Task details: Go to the line in the data below that contains "Wolborgenmate 128 Doetinchem thumbnail 36". Write it out exactly, along with every later line through the last, and nothing else.
___ Data shown ___
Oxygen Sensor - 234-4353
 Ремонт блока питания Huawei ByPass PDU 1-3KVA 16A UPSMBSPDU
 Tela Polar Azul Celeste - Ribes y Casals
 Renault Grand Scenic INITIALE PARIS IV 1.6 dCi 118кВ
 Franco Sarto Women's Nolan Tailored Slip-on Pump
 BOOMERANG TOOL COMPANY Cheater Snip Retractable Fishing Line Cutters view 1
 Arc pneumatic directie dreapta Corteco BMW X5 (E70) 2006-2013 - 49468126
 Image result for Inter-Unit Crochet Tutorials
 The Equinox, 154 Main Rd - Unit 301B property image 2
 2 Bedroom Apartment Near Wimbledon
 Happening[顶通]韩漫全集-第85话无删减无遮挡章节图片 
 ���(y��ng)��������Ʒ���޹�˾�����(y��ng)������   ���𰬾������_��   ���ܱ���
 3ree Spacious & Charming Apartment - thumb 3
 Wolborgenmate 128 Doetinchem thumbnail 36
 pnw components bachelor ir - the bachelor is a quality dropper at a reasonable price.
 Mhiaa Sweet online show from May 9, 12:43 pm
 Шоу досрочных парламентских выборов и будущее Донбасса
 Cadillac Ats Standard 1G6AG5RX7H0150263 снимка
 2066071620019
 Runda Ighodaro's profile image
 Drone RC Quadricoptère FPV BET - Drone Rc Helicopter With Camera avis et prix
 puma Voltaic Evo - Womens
___
Finished task:
 Wolborgenmate 128 Doetinchem thumbnail 36
 pnw components bachelor ir - the bachelor is a quality dropper at a reasonable price.
 Mhiaa Sweet online show from May 9, 12:43 pm
 Шоу досрочных парламентских выборов и будущее Донбасса
 Cadillac Ats Standard 1G6AG5RX7H0150263 снимка
 2066071620019
 Runda Ighodaro's profile image
 Drone RC Quadricoptère FPV BET - Drone Rc Helicopter With Camera avis et prix
 puma Voltaic Evo - Womens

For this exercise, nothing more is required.